# TASK GOAL
Reproduce all the entries exactly.

═════ GIVEN ENTRIES

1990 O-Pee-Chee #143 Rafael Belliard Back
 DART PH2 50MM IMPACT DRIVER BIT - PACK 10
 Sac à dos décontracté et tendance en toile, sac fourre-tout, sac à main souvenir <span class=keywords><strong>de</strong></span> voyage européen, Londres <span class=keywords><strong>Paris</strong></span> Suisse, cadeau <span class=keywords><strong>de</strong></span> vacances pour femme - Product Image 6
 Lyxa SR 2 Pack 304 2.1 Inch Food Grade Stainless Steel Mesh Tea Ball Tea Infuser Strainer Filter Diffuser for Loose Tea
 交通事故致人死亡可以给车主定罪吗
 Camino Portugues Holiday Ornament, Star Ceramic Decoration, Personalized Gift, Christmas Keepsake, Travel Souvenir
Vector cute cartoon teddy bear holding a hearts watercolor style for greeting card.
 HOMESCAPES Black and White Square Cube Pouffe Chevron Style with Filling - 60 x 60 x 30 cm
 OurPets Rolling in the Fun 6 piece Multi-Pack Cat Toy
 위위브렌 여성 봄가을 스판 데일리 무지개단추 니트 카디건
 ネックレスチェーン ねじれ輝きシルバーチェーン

══════════

# ANSWER BOX
1990 O-Pee-Chee #143 Rafael Belliard Back
 DART PH2 50MM IMPACT DRIVER BIT - PACK 10
 Sac à dos décontracté et tendance en toile, sac fourre-tout, sac à main souvenir <span class=keywords><strong>de</strong></span> voyage européen, Londres <span class=keywords><strong>Paris</strong></span> Suisse, cadeau <span class=keywords><strong>de</strong></span> vacances pour femme - Product Image 6
 Lyxa SR 2 Pack 304 2.1 Inch Food Grade Stainless Steel Mesh Tea Ball Tea Infuser Strainer Filter Diffuser for Loose Tea
 交通事故致人死亡可以给车主定罪吗
 Camino Portugues Holiday Ornament, Star Ceramic Decoration, Personalized Gift, Christmas Keepsake, Travel Souvenir
Vector cute cartoon teddy bear holding a hearts watercolor style for greeting card.
 HOMESCAPES Black and White Square Cube Pouffe Chevron Style with Filling - 60 x 60 x 30 cm
 OurPets Rolling in the Fun 6 piece Multi-Pack Cat Toy
 위위브렌 여성 봄가을 스판 데일리 무지개단추 니트 카디건
 ネックレスチェーン ねじれ輝きシルバーチェーン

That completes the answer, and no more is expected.